Ethical Magic, by Philip H. Henderson
I tell my clients “Face the Dragon . . . Stay in the Room.”
Our coaching clients come to us because they want to change something about themselves to be more successful in their everyday lives at home and at work. They understand that to learn a new skill or ability they have to start with baby steps until they become proficient. Clients imagine that using our services will help them get where they want to go more quickly and more assuredly than going by themselves. The problem is they sometimes ask us for a magic pill. Clients want the change to happen immediately and painlessly. We tell them the truth. Change is hard work.
Change for clients involves replacing a habit that no longer works with a new habit that will work. Such change requires clients to take actions they have avoided before they engaged our services. Such change requires courage and perseverance. The most confusing part for our clients is that it takes time to develop a new habit.
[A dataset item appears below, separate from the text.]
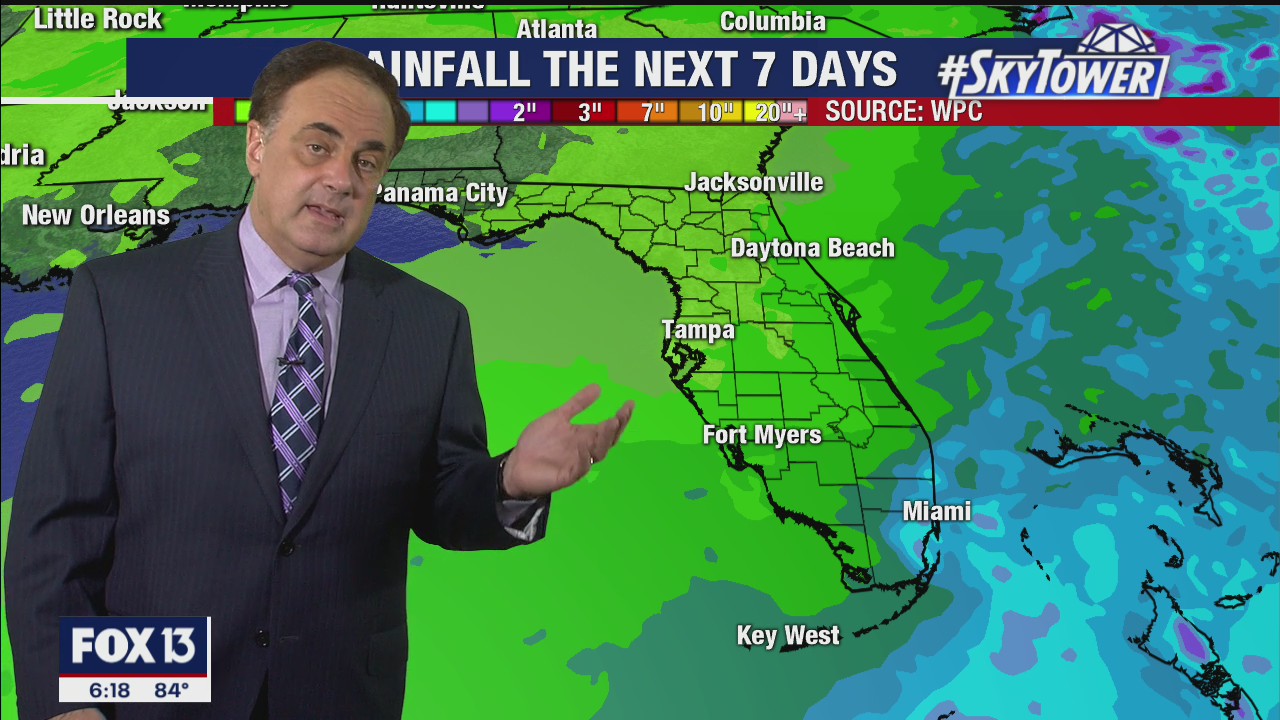 Sunday evening forecast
They want success right away.
Eliminating old dysfunctional habits is hard work. Getting our clients to take novel actions is resisted because the old habit feels comfortable and the new action is scary. The known that does not work is more familiar then the lesser known, even when clients have enjoyed success using the new behavior.
I coach clients to become outstanding empathic listeners. I encourage clients to listen to their loved ones without judgment. This is new behavior. Their usual behavior is to listen to loved ones only when their loved ones are telling them good news. When a loved one chooses to tell them something they do not want to be true, they ignore those unwelcome words.
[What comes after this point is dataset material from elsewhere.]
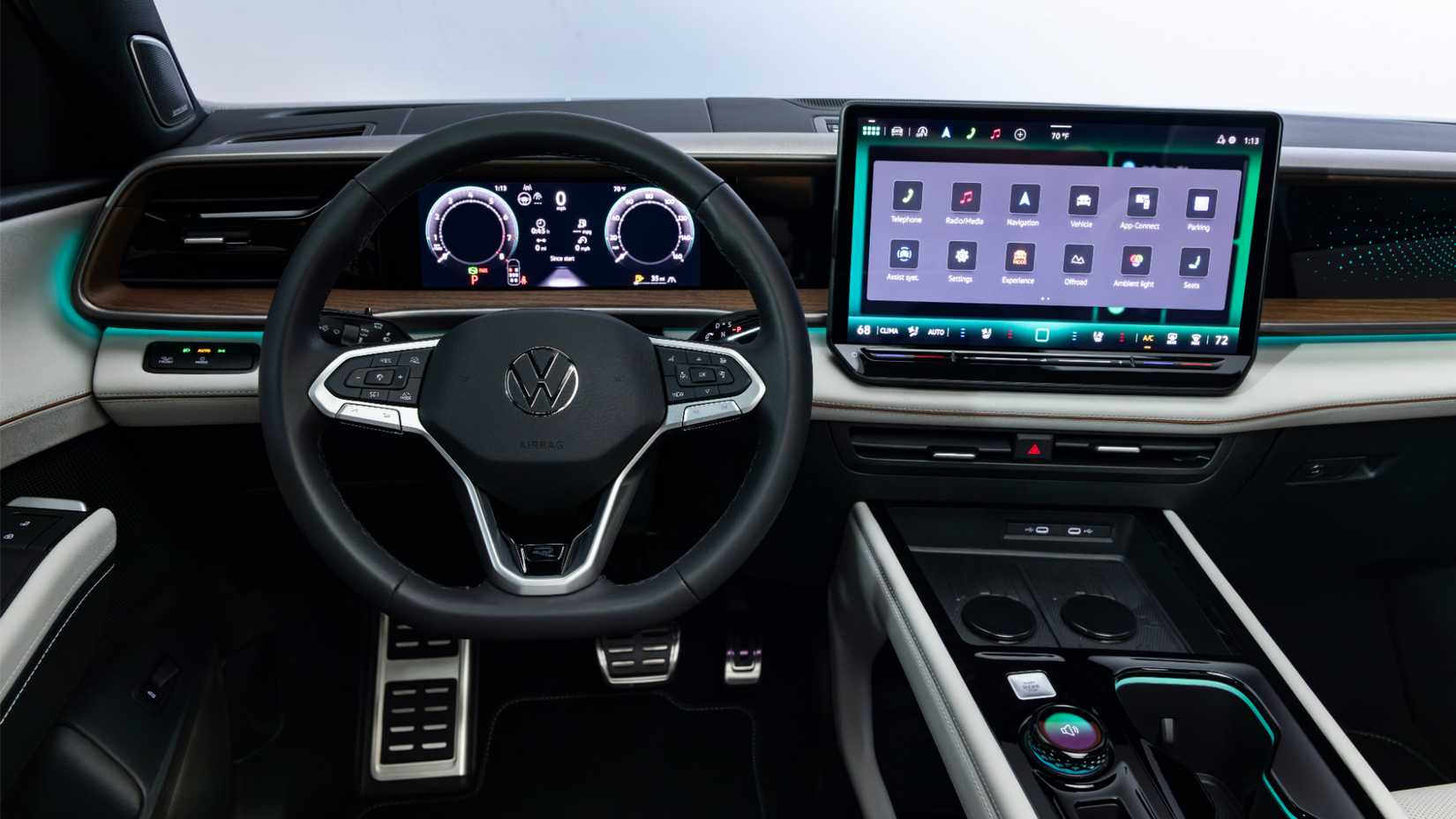 Ponto de vista do motorista do Volkswagen Atlas 2027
One of my client’s dysfunctional habits was to walk slowly, but deliberately, out of the room when his son was telling him something he did not want to hear. When he was completely out of hearing, he did not remember a word his son had said. He only learned that was his habit when he stopped himself while he was practicing empathic listening using my methods. His son told him that he had been doing this for years. He told him everyone in the family knew that was his habit. My client was the only person who did not know.
I tell my clients that listening with empathy requires them to “stay in the room.” Listening with empathy requires them to hear words said by their loved ones that they never want them to say, and certainly never want these words to be true. For example, a son might say to his parent that, “I don’t want to attend college because it is a waste of time. I want to go to work and make some money now!” Few parents will be happy to hear their son speak such words. Parents think this is dragon talk.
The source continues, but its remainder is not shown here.